Mas talvez a forma mais clara de mostrar a necessidade de conexão com o presente para uma empresa seja ir além de analisar o sucesso e esmiuçar as razões de alguns fracassos retumbantes das últimas décadas.
Várias empresas gigantescas, de porte transnacional, com departamentos de marketing, vendas, pesquisa e desenvolvimento bem credenciados desapareceram porque não souberam interpretar corretamente sinais do presente. Não perceberam os impactos do mercado de forma clara. Não entenderam a chuva sob a qual estavam.
A lista é imensa. E inclui várias gigantes do século 20. Olivetti, Pam Am, Kodak, Nokia e várias outras, dos mais variados setores. O mais irônico é que enquanto algumas destas empresas se desintegravam, os produtos que ofereciam se tornavam cada vez mais populares e acessíveis. Nunca se digitou tanto quanto depois que as máquinas de escrever viraram teclados. Antes reservado aos mais habilitados a encontrar foco e manter as mãos firmes, a ato de fotografar se disseminou largamente. Hoje, graças à facilidade dos smartphones, registrar imagens está ao alcance de todos.

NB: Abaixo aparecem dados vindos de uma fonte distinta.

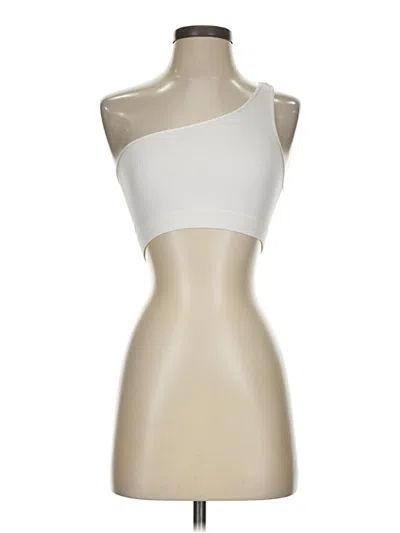 Pre-owned Full Tilt Tank Top Ivory Strapless Neckline Tops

Vários dos negócios que eram grandes no século 20 ficaram ainda maiores neste século. Só que a partir de outras premissas.
Algumas empresas, como a Blockbuster, perceberam em um dado momento que o seu modelo de negócio estava condenado e, tanto quanto possível, negociaram seu fim. Enquanto a gigante internacional da locação de filmes negociava seus espaços e demitia funcionários, os fãs de cinema consumiam títulos com voracidade cada vez maior. A tecnologia de streaming e da banda larga ampliou o acesso e permitiu que as pessoas assistissem conteúdo nas mais variadas telas. A Blockbuster agiu como um surfista que é derrubado da onda, lutou para emergir e chegar na praia vivo. Ela errou na sua visão de futuro, mas quando percebeu que estava sendo engolida, agiu rapidamente.

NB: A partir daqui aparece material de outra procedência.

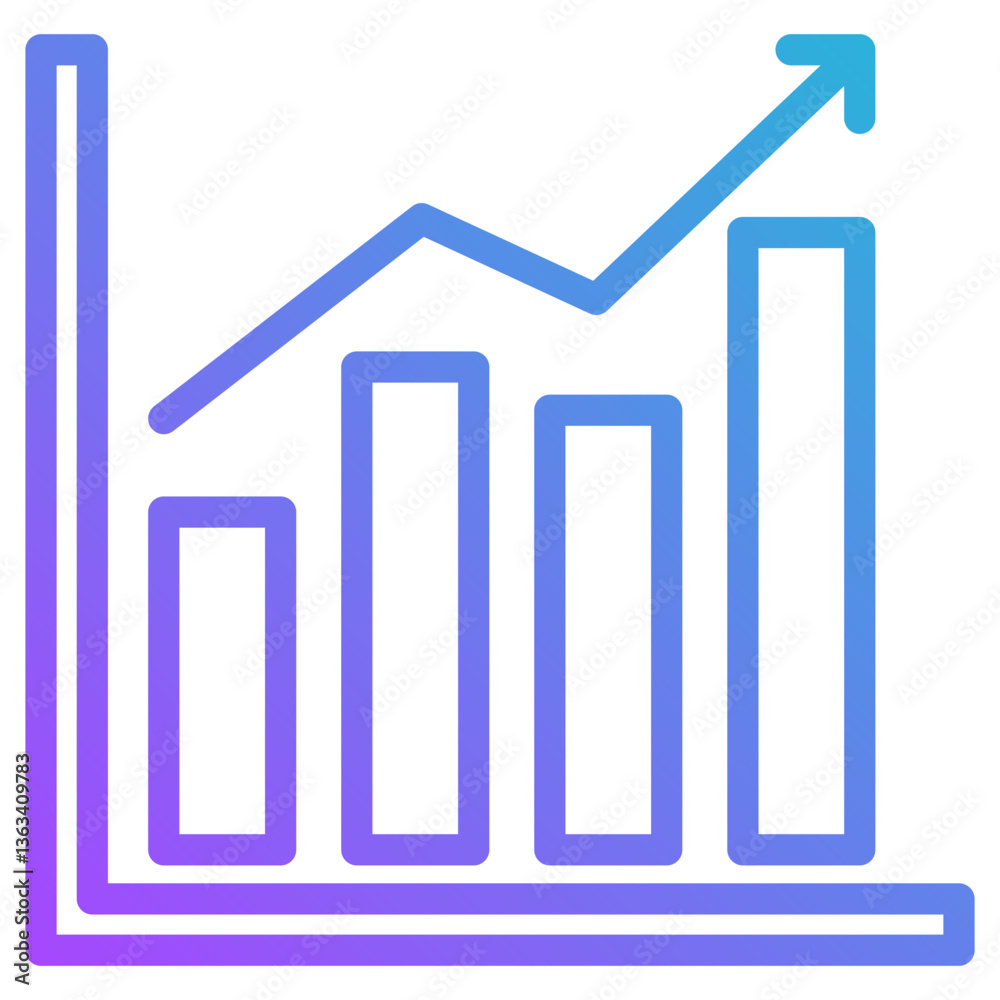 Bar Graph Icon Bar Graph Icon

Outro exemplo de mudança gradual, porém inexorável, ocorreu no mercado de taxis. Hoje tem mais gente usando carros dirigidos por outras pessoas, mas dentro da lógica dos aplicativos. O modelo de negócios dos taxistas não desapareceu com a chegada dos aplicativos, mas mudou radicalmente.
Como se manter na sela diante das mudanças? A resposta é equilíbrio. O equilíbrio nasce do autoconhecimento. Como diria Porter, conhecer bem suas forças e fraquezas é o primeiro passo para começar a vislumbrar uma solução.

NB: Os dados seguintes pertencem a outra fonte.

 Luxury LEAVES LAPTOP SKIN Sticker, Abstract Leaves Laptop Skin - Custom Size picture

Dentre as lições que as técnicas de mindfulness nos ensina é que a realidade, o presente não deve causar preocupação. Deve, sim, dar o start a um processo de ocupação que deve ser orientado pelos 4 Es. A percepção da realidade presente é uma ocupação e tanto e é ela que, se estiver alinhada com os princípios de Elegância, Eficiência, Eloquência e Êxito vai desenhar o mapa da inovação relevante. Um bom exemplo disso provavelmente está no seu bolso. Quando Steve Jobs percebeu que as pessoas levavam o celular em um bolso, o iPod em outro e a câmera fotográfica em um terceiro, entendeu que era a hora de unir os três gadjets e, assim, nasceu a ideia do iPhone, que revolucionou o mercado em 2007. Eis um exemplo de inovação nascida da consciência e não da ansiedade e que, por isso, foi aceita pelo consumidor de forma imediata e entusiasmada.
Portanto, mais do que buscar ser uma empresa inovadora é preciso almejar ser uma empresa plenamente consciente do presente.